[EXTRACTED MATERIAL — start]

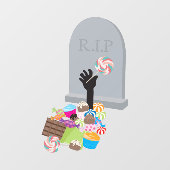 デスバイキャンディハロウィーンデザイン ウィンドウサイン (シート)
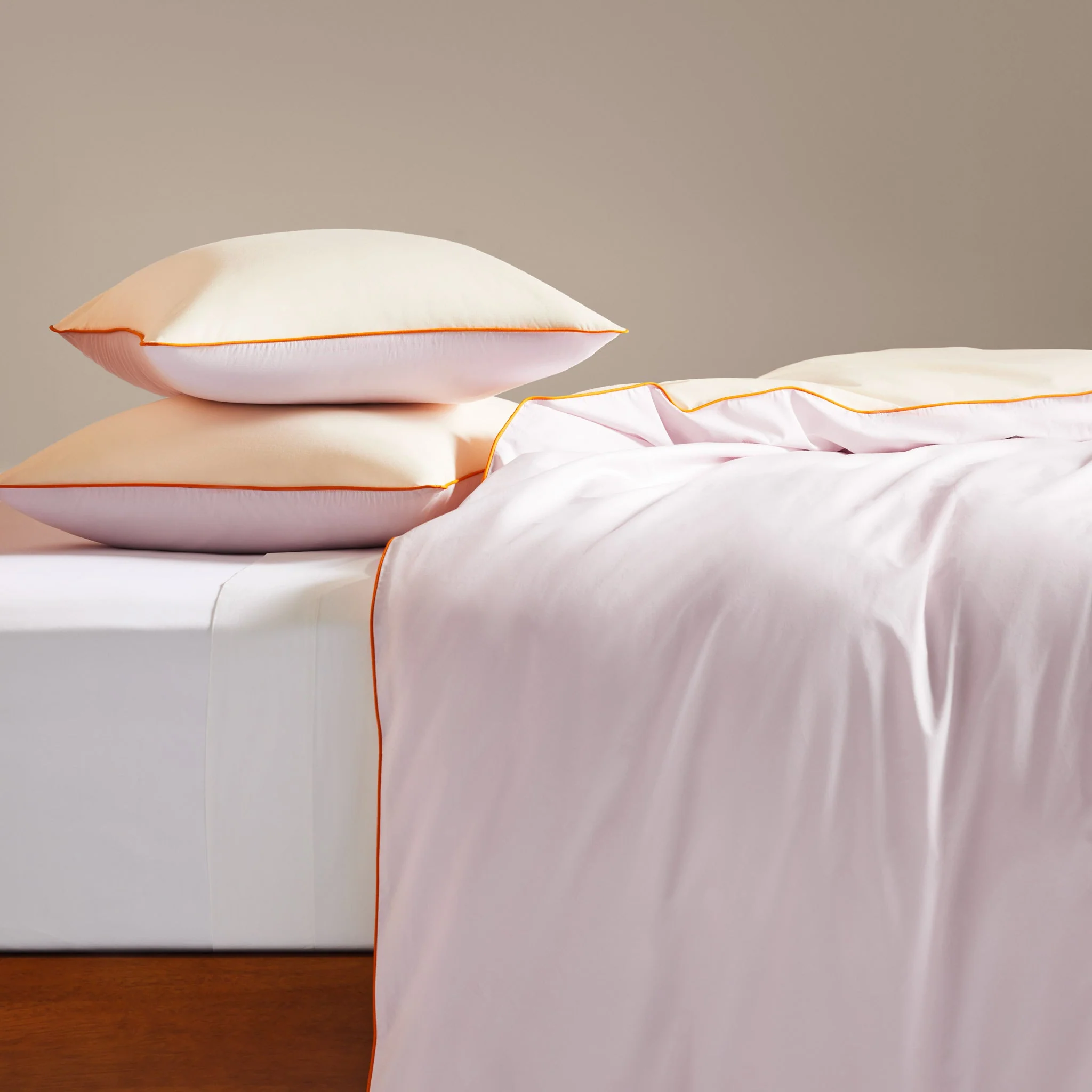 Piped Classic Percale Shams - Last Call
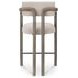 Cassidy Brown Leather Upholstered Counter Height Stool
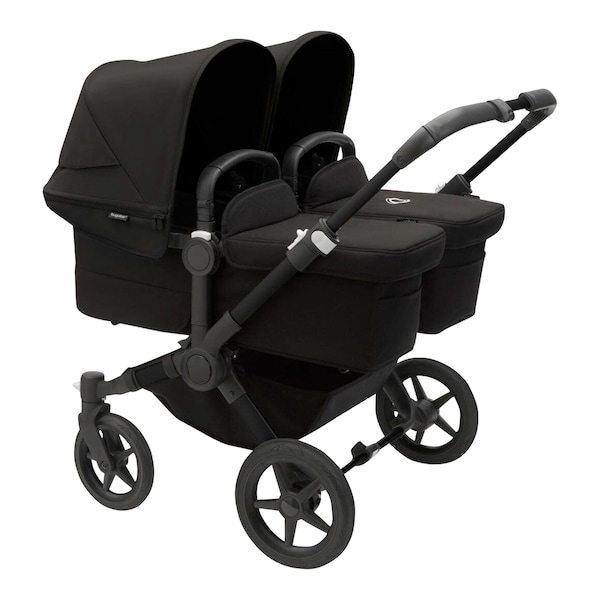 babywalz Bugaboo - DONKEY 5Zwillings- und Geschwisterwagen Bundle Twin black / midnight black
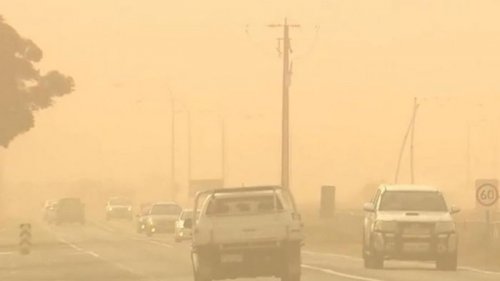 По Австралии пронеслись пыльные бури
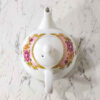 Théière de service en porcelaine blanche avec motif floral Rosita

[EXTRACTED MATERIAL — finish]

WORK INSTRUCTIONS: In your copy, include no pictures, but reproduce all records exactly.

SOLVED EXERCISE:
 デスバイキャンディハロウィーンデザイン ウィンドウサイン (シート)
 Piped Classic Percale Shams - Last Call
 Cassidy Brown Leather Upholstered Counter Height Stool
 babywalz Bugaboo - DONKEY 5Zwillings- und Geschwisterwagen Bundle Twin black / midnight black
 По Австралии пронеслись пыльные бури
 Théière de service en porcelaine blanche avec motif floral Rosita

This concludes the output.